This agreement is among the 14 pacts signed between the two countries after extensive talks between Prime Minister Narendra Modi and visiting French President Francois Hollande
India and France today inked an Inter-Governmental Agreement (IGA) on the sale of 36 French fighter jets, Rafale, but were unable to sign the final deal due to some "financial" aspects, which are expected to be sorted out in "couple of days".
This agreement was among the 14 pacts signed between the two countries after extensive talks between Prime Minister Narendra Modi and visiting French President Francois Hollande which focused ways to enhance cooperation in counter- terrorism, security and civil nuclear energy.
"...Leaving out financial aspect, India and France have signed Inter-Governmental Agreement on purchase of 36 Rafale fighter jets. We expect that even the financial aspects pertaining to purchase of Rafale jets will be resolved as soon as possible," Modi said at a joint press event with Hollande.
Terming the signing of the IGA as a "decisive" step, the French President said there are some financial issues that will be sorted out in "couple of days".
The two countries are in negotiations for 36 Rafale fighter jets in fly away conditions since the announcement for the deal was made by Modi in April during his visit to France.
However, the final deal is yet to be sealed as both sides are still negotiating the price which is estimated to be about Rs 60,000 crore. A high-level team from France is here and carrying out last minute negotiations.
Apart from defence cooperation, the talks between the two leaders primarily focused on ways to boost counter-terrorism cooperation in the aftermath of attack in Paris in November last and Pathankot terror strikes earlier this month.
"From Paris to Pathankot, we saw the gruesome face of the common challenge of terrorism...I also commend the strength of your resolve and action these terrorist attacks.
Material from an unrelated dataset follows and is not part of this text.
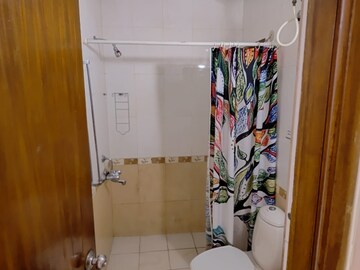 Attached Bathroom in 3 BHK Apartment at Dona Paula – for Rent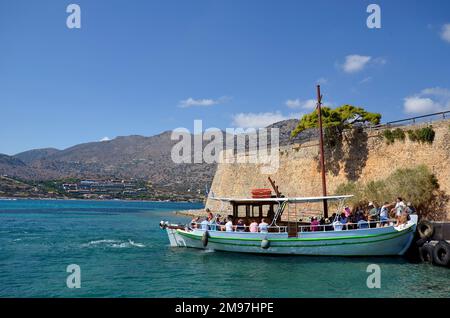 Plaka, Creta, Grecia - 10 ottobre 2022: Nave navetta porta i turisti alla vecchia Fortezza Veneziana Spinalonga, precedentemente utilizzata come stazione lebbroso, ora un popu Foto Stock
President Hollande and I have agreed to scale up the range of our counter-terrorism cooperation in a manner that helps us to tangibly mitigate and reduce the threat of extremism and terrorism to our societies.
"We are also of the view that the global community needs to act decisively against those who provide safe havens to terrorists, who nurture them through finances, training and infrastructure support," Modi said.
The two countries reiterated their call for Pakistan to bring to justice their perpetrators and the perpetrators of the November 2008 terrorist attacks in Mumbai, which also caused the demise of two French citizens, and to ensure that such attacks do not recur in the future, a joint statement issued after the talks said.